Our last conversation was an email. I remember it clearly--I relaxed in my bed, enjoying my first Tuesday of summer vacation, looking forward to Wednesday's trip to New York City. Seemingly, judging by my expression and generally upbeat attitude, everything was fine.
When I consider the human race, I see an infinite ocean, on which all of us are floating, drifting on wooden rafts. We, all of us, are tied by ropes, some long, some short, some thick, some thin. We are all connected.
But nothing was fine. She hadn't been replying to my emails, and her behavior worried me to no end. With each passing moment, pangs of doubt struck my heart like clockwork, like perfectly-timed contractions during labor, the minute hand, moving ever-closer to midnight, sending earthquakes up my spine. There was reason for my worry. For the last several months or so, our friendship had been shaky, almost as if we were both teetering on the edge of a cliff. Any day, one of us would fall, the stroke of twelve echoing our last, angry words to one another.
When a newborn is placed on the sea of humanity, aboard her own tiny raft, she instantly forges unbreakable bonds with those closest to her. Her mother, her father, her sisters and brothers. They all surround her, and before her family can truly comprehend her existence and understand what an impact she will make, they are bound to her by both love as well as blood. Such bonds are nearly always permanent; no matter how hard you tug, they will never tear, except in cases where every trace of love, the glue of a relationship, is lost.
The ties between friends are innately different from those among family members. These ropes are fragile, created by trivial circumstances, such as age or location. These bonds are thin, and they snap at the first opportunity, or they fade as two friends drift farther and farther apart, until they are forgotten completely. There is little love in them. Even the thickest strings, reinforced over many years, can be sawed in two when the sea becomes choppy and rough. Friends must hold fast to one another, or their ties will reach the breaking point. This can never be allowed to happen. Once it does, there is no going back to the way things were.
Finally, I gave up waiting for her reply and sent her one question.
What did I do?
I crossed my fingers anxiously, hoping that her answer would reassure me that our relationship was still healthy, not as broken as I feared.
The reply came swiftly, the text burning with anger and hate.
You're selfish. I refuse to be friends with someone like you.
I remember that choking sensation in my throat as I read her words, that feeling deep within your chest as you realize you're about to cry. My eyes burned with tears. Part of me was angry, another part was simply heartbroken. How did it come to this?

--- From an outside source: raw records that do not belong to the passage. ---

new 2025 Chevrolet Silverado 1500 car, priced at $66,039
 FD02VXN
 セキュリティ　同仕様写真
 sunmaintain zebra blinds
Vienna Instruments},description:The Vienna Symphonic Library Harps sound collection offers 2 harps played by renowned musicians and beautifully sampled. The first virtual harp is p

I have lost many friends over the years. In third grade, the boys I played with at recess left me alone, not wanting to play with me anymore. In seventh grade, three of my best friends drifted away on the waves of humanity's ocean. But this friend, Sara, was like no one else I'd ever met. Not only had we been friends for six years, but she had always been there to listen. If I had talked for hours on end, she would have said nothing. She would have only breathed in each of my words, carefully considering them. I would have done the same for her. We laughed, and we cried. We admired the stars and danced under them, hand in hand. We were sisters in all but blood.
Thus, her last email to me came as a surprise, and it acted as a stab to my chest, a sharp dagger of hatred. I never expected any of those words. They were as if from an imposter.

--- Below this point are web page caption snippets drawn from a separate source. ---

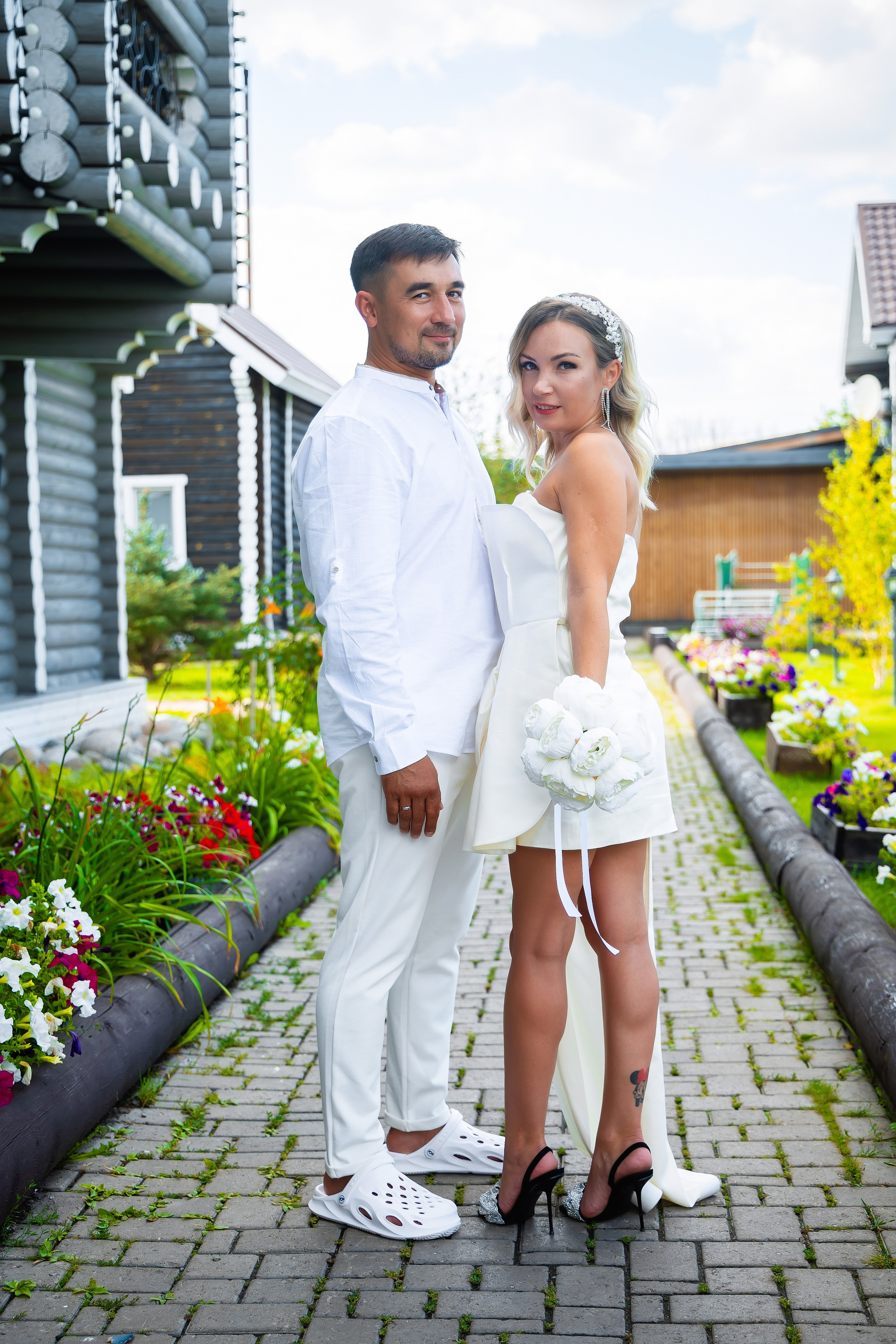 Пару часиков в Караганде. Семейный и Свадебный фотограф в Астане Александр Астапов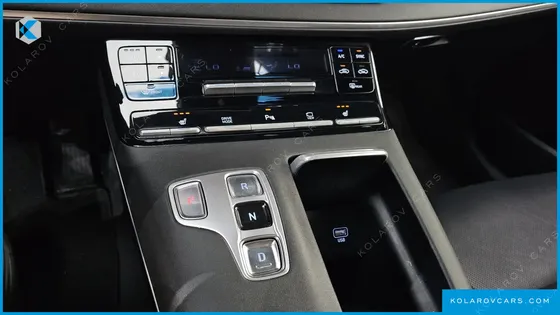 HYUNDAI GRANDEUR 2.5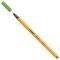 ���������� STABILO 88/33 APPLE GREEN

I told myself it wasn't true.
I'm not as selfish and self-centered as she says.
I'm a good friend. She's the one who abandoned me.
Still, the deep hurt of heartbreak persisted, tainting my trip to New York as well as the rest of my summer. For the first time, I understood loneliness.
Now, the pain has reduced to a dull ache in my soul. Some days, I wonder if she ever cared about me at all. The sea is silent now, the storm has passed, and I am alone.
Almost. Remember those other bonds I told you about? The ones that surround every newborn child and remain with them through adulthood? On Tuesday, June 4, 2019, during the summer between eighth grade and ninth, my mother found me in the bathroom, sobbing.
It was her arms that comforted me, her soothing whispers that calmed my racing mind, her tender embrace that mended my fractured soul.
What's wrong? she asked.
I have no friends. She shook her head and smiled at me. You still have friends. Since then, my family has remained with me. They surround me now, just as they always have. I am not alone as I drift on this ocean, searching for someone like all the friends I've lost, but someone who, unlike every other, will remain with me to the end, adrift on this difficult sea.